Physical meaning of mass renormalization In the case of charge renormalization, one can present a neat and nice physical idea that brings a physical ground to it called "Vacuum Polarization". Which can be even extended to non-abelian gauge groups(as Coleman did)
I want to know if there's any mechanism that gives some physical sprit to mass renormalization, since I can't understand how mass can be screened with virtual electron-positron pairs.
 A: Mass renormalization (in QED) does not involve virtual electron-positron pairs.  It involves the emission and reabsorption of a virtual photon by an electron in motion.  This is a quantum-mechanical interaction between the electron and the electron’s own electromagnetic field.
The intuitive idea of mass renormalization actually can be explained without quantum mechanics, however.  A charged electron produces an electromagnetic field around itself.  That field makes contributions to the energy-momentum tensor, so it possesses energy and inertia.  If you want to accelerated the electron, you also have to accelerate the electromagnetic field attached to it, and this changes the effective, observable mass of the electron.  This is the essence of mass renormalization, with the electromagnetic field adding to mass of a charged particle (adding an infinite amount, if the calculation is not regularized).
A: It is very good and deep question.

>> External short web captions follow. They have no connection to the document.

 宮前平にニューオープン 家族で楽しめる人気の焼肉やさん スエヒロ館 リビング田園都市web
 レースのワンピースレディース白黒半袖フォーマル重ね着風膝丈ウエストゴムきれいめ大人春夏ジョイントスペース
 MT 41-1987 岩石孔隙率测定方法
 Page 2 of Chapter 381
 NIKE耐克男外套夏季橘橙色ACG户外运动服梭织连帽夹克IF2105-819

Let me try to answer and clarify some subtleties.
In QED we have:
$$
e^2_{phys}(\Lambda) = e_0^2\left(1-\frac{e_0^2}{6\pi^2}\ln \frac{\Lambda}{m_0}+\dots\right)
=
\frac{e^2_0}{1+\frac{e_0^2}{6\pi^2}\ln \frac{\Lambda}{m_0}}
$$
$$
m_{run}(\Lambda) = m_0\left(1+ \frac{3e_0^2}{8\pi^2}\ln \frac{\Lambda}{m_0}+\dots\right)
=
m_0 \left(\frac{e_0^2}{e^2_{phys}}\right)^{9/4}
$$

*

*Here $m_0$ is bare mass, $e_0$ is bare charge (physical charge on scale $\Lambda = m_0$). So running mass is directly related to value of physical charge. Physical interpretation: energy of electromagnetic field around electron give contribution to mass.

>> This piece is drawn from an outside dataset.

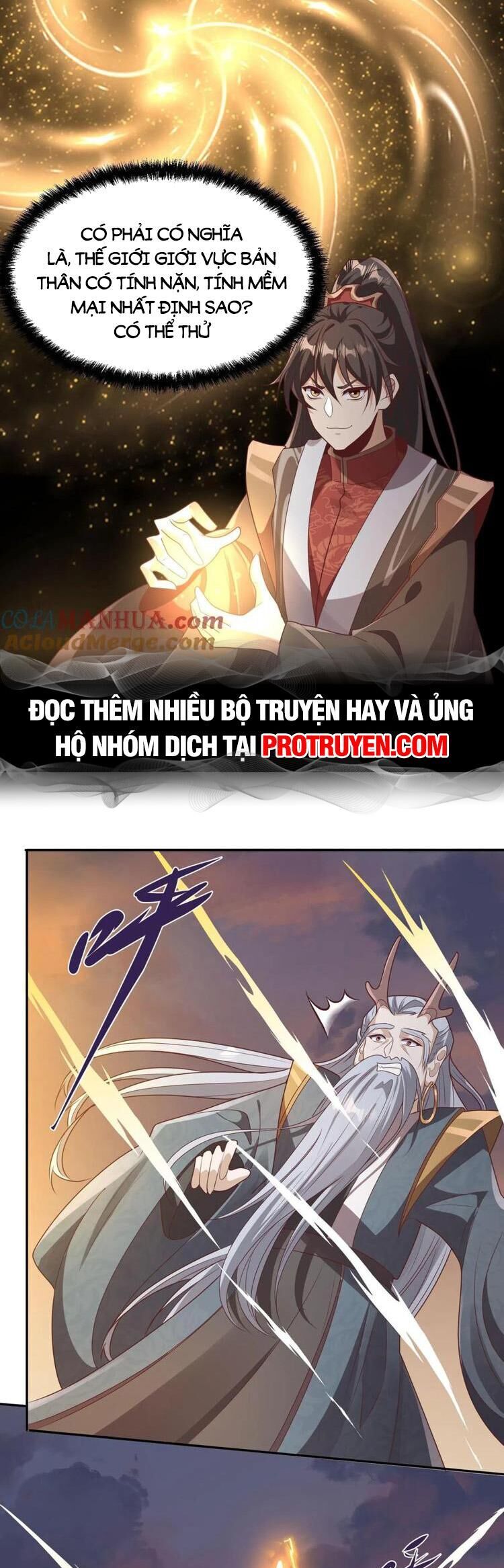 Trượng Phu Của Nữ Đế Thế Mà Vô Địch chapter 153 - Upload bởi truyensieuhay.com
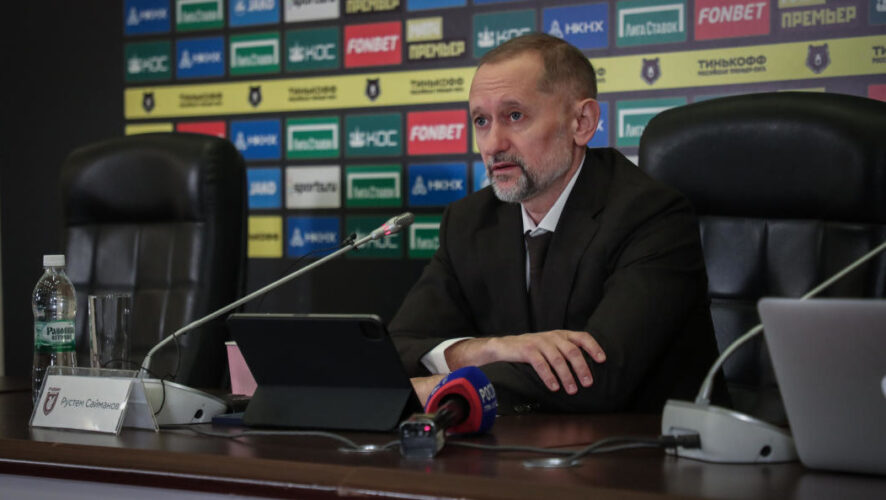 Итоги провального для казанской команды сезона на большой пресс-конференции для журналистов подвел генеральный директор клуба Рустем Сайманов. Поговорили про главного тренера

*Note, that on scale $\Lambda>m_0$:
$$
e^2_{phys} < e_0^2
$$
$$
m_{run} > m_0
$$


*$e^2_{phys}$ is real experimentally observable quantity, $e^2_{phys}$  change with scale, and has an interpretation as "vacuum polarization", as you said in the question.


*'Running mass' $m_{run}$ is a parameter in the Lagrangian. It depends on the regularisation scheme and can be reproduced from physical (pole) mass.


*There is also notion of pole mass -- pole in full propagator. Pole mass is the physical mass, scale-independent and independent of any renormalization scheme we use to subtract any infinite parts of the loop corrections. It is what we observe.
See also What is the difference between pole and running mass?
A: Let us start from QED.
In this theory, vacuum polarization in the lowest order is given by one-fermion loop correction to bare photon propagator (note that photon has zero mass). It is quite straightforward (or I can provide a derivation) that this correction modifies charge but not mass. For me, physical ground becomes clear after calculation.
If you consider electron propagator renormalization, one loop correction shifts the pole in propagator and in this sense electron mass changes. But there is nothing relating to electron-positron pairs and vacuum polarization.